先看下面一段代码（先以共享的方式打开文件读写，然后以只读的方式打开相同文件）：

                FileStream fs  = new FileStream(filePath, FileMode.Open, FileAccess.ReadWrite, FileShare.ReadWrite);
                FileStream fs2 = new FileStream(filePath, FileMode.Open, FileAccess.Read) 或者 new FileStream(filePath, FileMode.Open, FileAccess.Read, FileShare.Read);

     第一句成功执行，第二句呢？它抛出访问违规异常:The process cannot access the file 'c:\Odma32.log' because it is being used by another process！

     查阅MSDN，无果。后经多次实验，包括使用Windows API CreateFile(...),最终发现正确的用法居然是：

                FileStream fs  = new FileStream(filePath, FileMode.Open, FileAccess.ReadWrite, FileShare.ReadWrite);
                FileStream fs2 = new FileStream(filePath, FileMode.Open, FileAccess.Read, FileShare.ReadWrite);

     在打开fs2时,它必须制定FileShare为ReadWrite，因为fs以ReadWrite的方式打开的。

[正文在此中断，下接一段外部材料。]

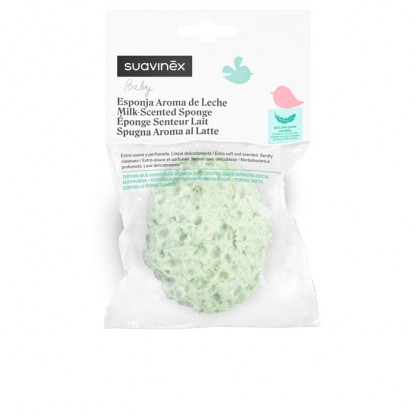 Губка для купання Suavinex з ароматом молока, світло-зелена
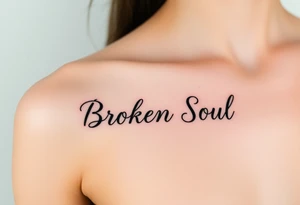 Broken Soul, wrote in fancy thin lined cursive writing, to be placed on the side of breast tattoo idea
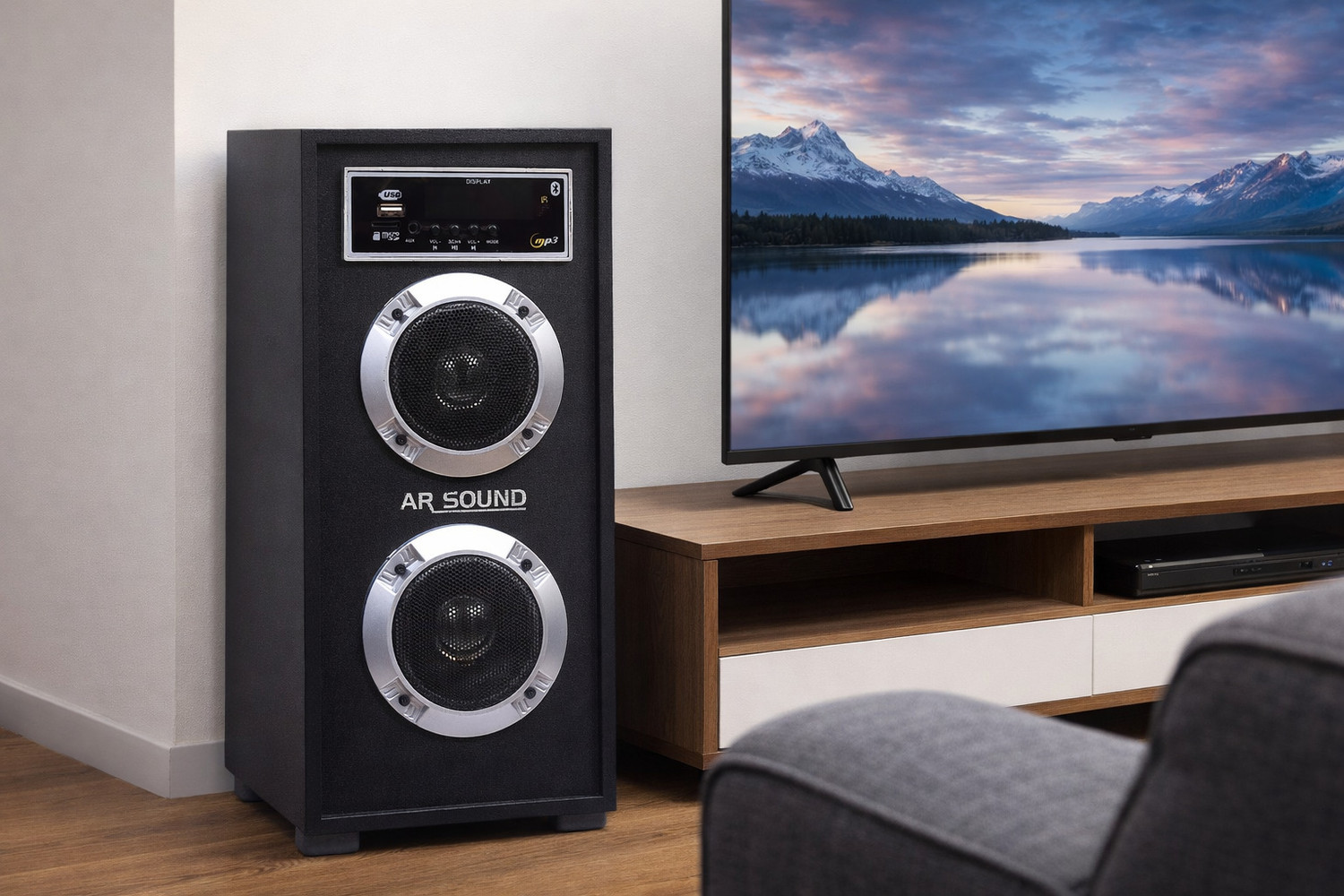 Image of ARSOUND Mini Plus 100 W Bluetooth Tower Speaker (Black, Silver, 2.1 Channel)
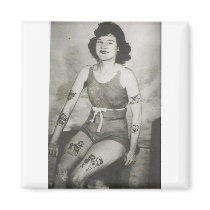 Tattooed Bathing Beauty Magnets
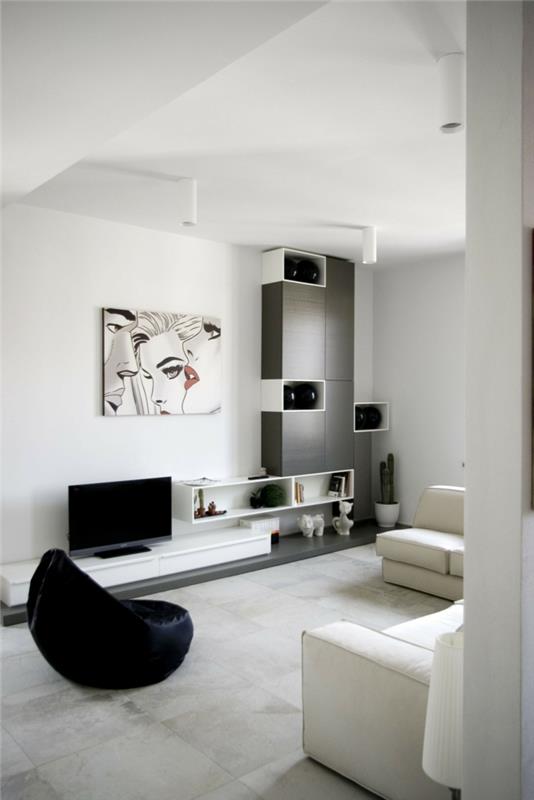 Kuvio mustavalkoisena seinänä, jossa on värikalusteita, mustavalkoinen olohuoneen sisustus moderni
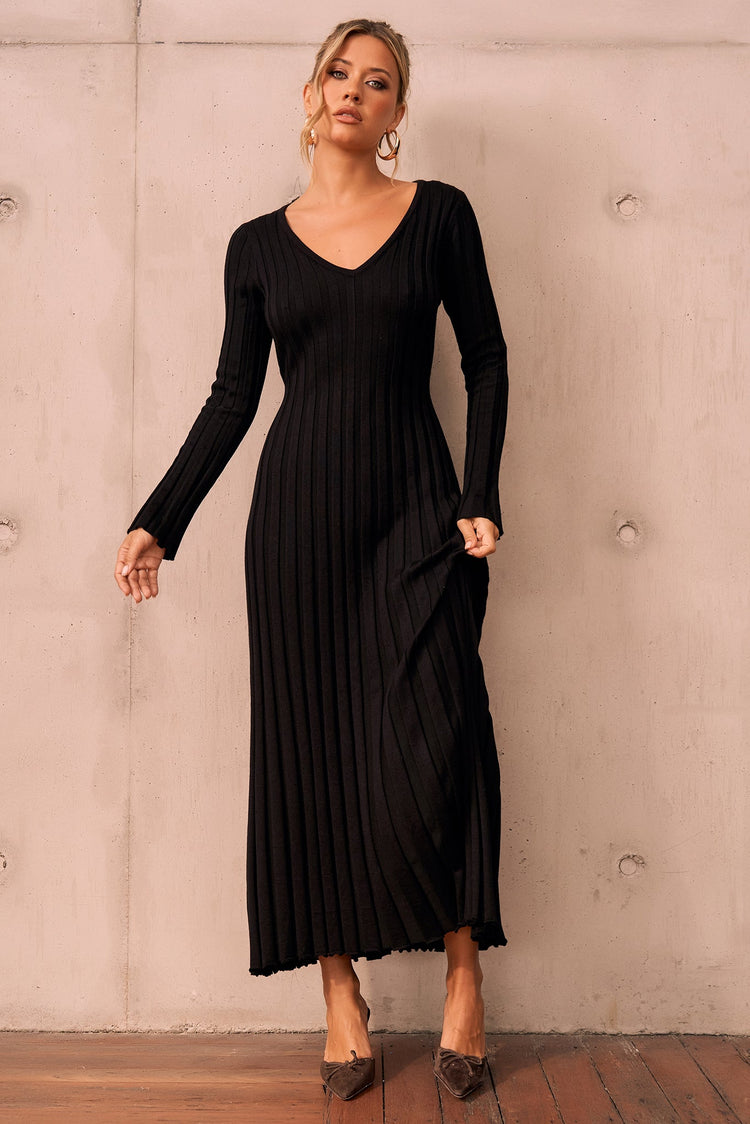 Flutter By Me Knit Maxi Dress - Black for women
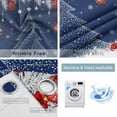 thumbnail image 2 of Fsddascl Christmas Trees Blackout Curtains for Bedroom/Living Room, Thermal Insulated Kitchen Curtains, Navy Blue Winter Snowflakes Xmas Balls Grommet Darkening Window Treatment Drapes 52"x84"x2, 2 of 6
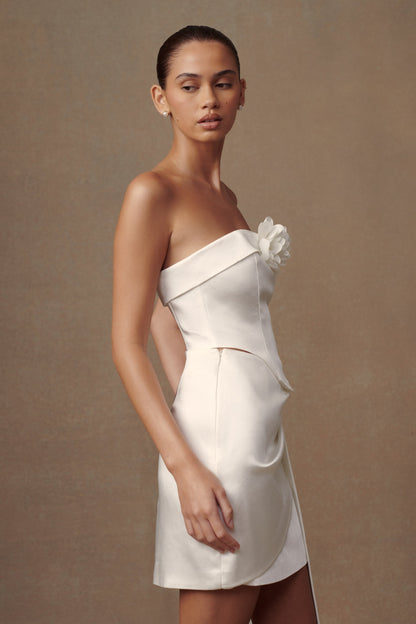 Margot, corset rose sans bretelles - Blanc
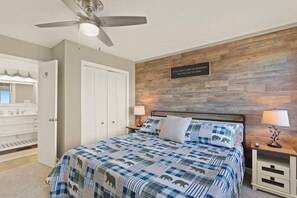 Main bedroom with King Bed, Smart HDTV, and en-suite bathroom.  C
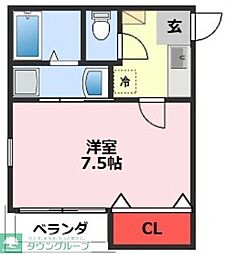 リブレア天王台 1Kの間取図画像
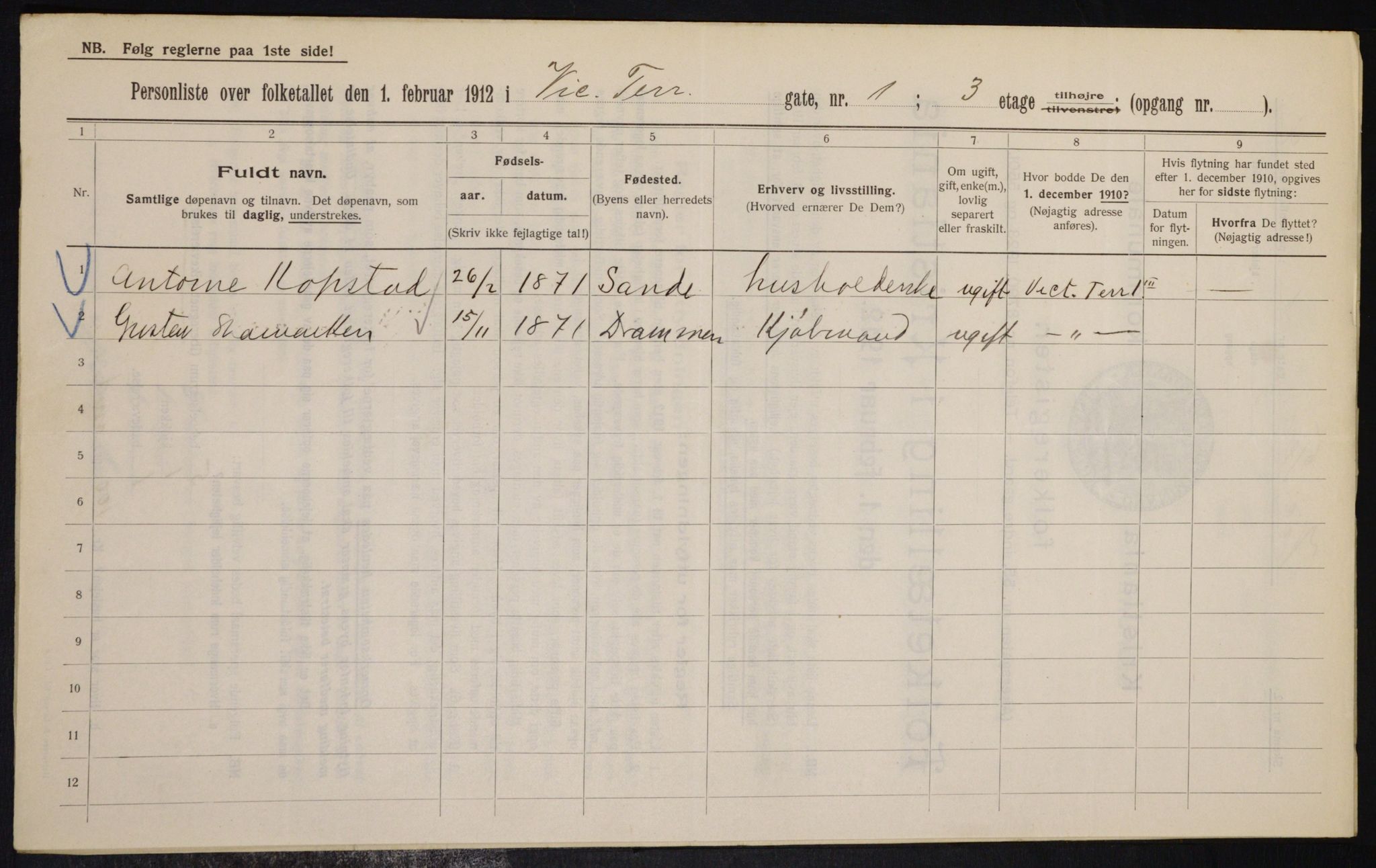 OBA, Municipal Census 1912 for Kristiania, 1912, p. 123438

     结论：FileShare不只是对随后的打开文件请求有影响，但事实是它对已经打开的文件句柄也有影响。MSDN中关于FileShare的解释不到位，应该CreateFile条目中的这一段也放进去：

You cannot request a sharing mode that conflicts with the access mode that is specified in an existing request that has an open handle. CreateFile would fail and the GetLastError function would return ERROR_SHARING_VIOLATION.